Supplied records ::
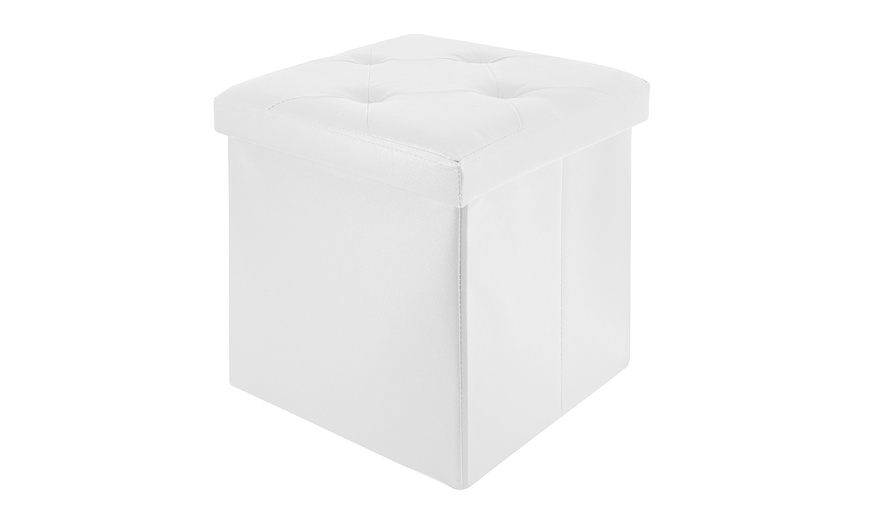 Image 2: Soft Upholstered Pouf with Hidden Storage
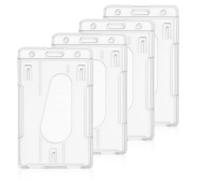 4-Pack Heavy-Duty ID Badge Holder - Clear Dual-Card Vertical Case, Durable PC Material, Compatible with Office, School, Access, and Credit Cards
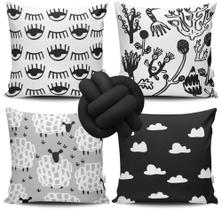 Kit 4 Capas de Almofada Olho Grego Preto + Almofada Nó Kit 4 Capas de Almofada Olho Grego Preto + Almofada Nó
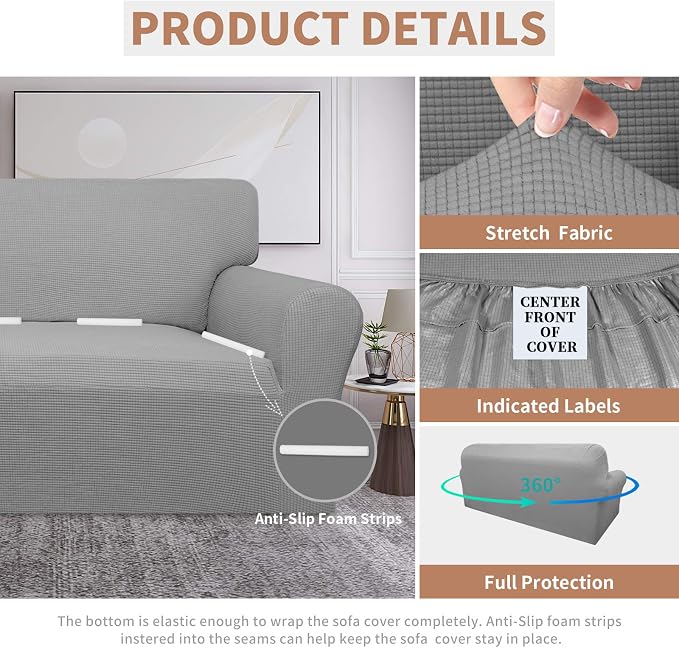 Easy-Going 100% Waterproof Couch Cover, 3 Cushion Oversized Sofa Cover | Leakproof Sofa Slipcover, Stretch Jacquard Furniture Protector Against Stain Spill from Kids, Pets, Dog, Light Gray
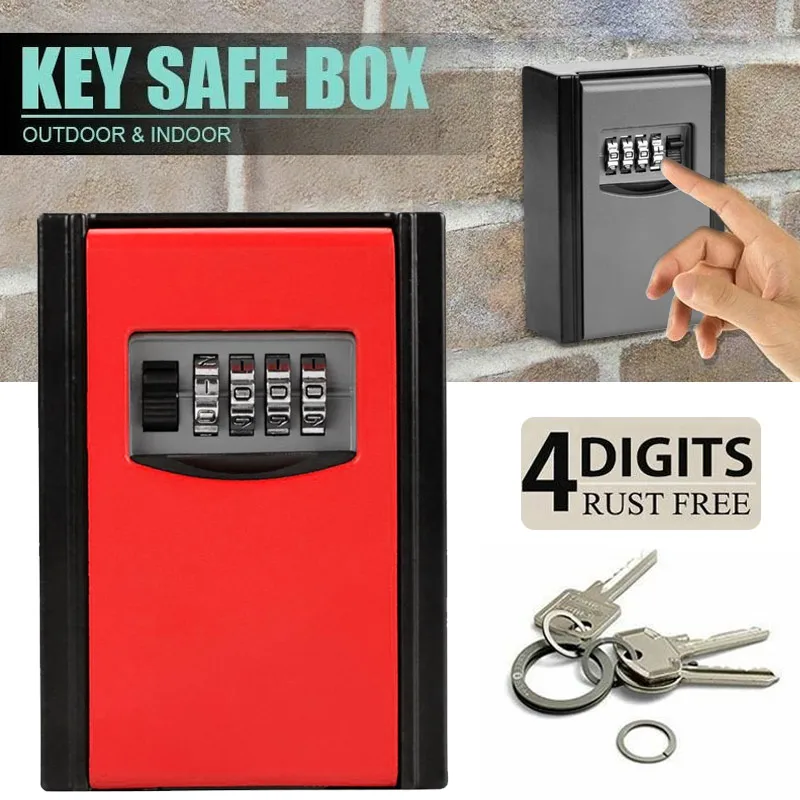 

4 Digit Code Saving Box Door Aluminium Alloy Safety Lock Box Password Key Box Key Storage Box Durable Pet Sitters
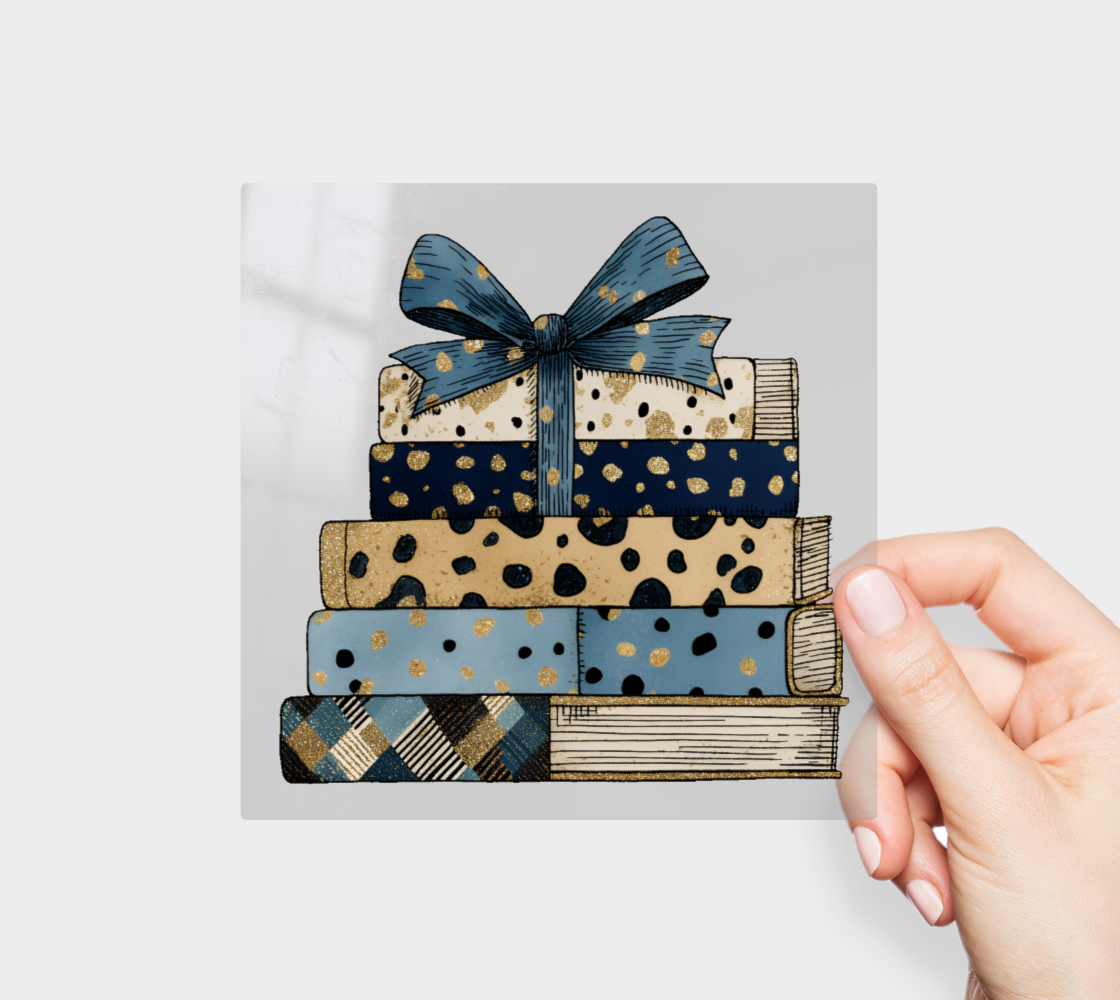 Stacked in Style – Blue & Gold Book Bow Sticker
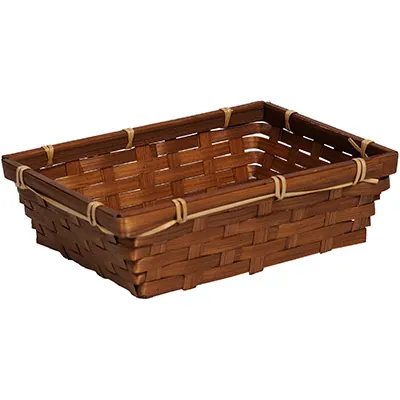 Corbeille bambou rectangulaire marron 24,5 x 17,5 x 7 cm, paquet de 10 - Corbeilles bambou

Action item :: Every line between the one containing "Stacked in Style" and the last line of the data above, both included, should be copied exactly, but not the pictures.

Written solution ::
 Stacked in Style – Blue & Gold Book Bow Sticker
 Corbeille bambou rectangulaire marron 24,5 x 17,5 x 7 cm, paquet de 10 - Corbeilles bambou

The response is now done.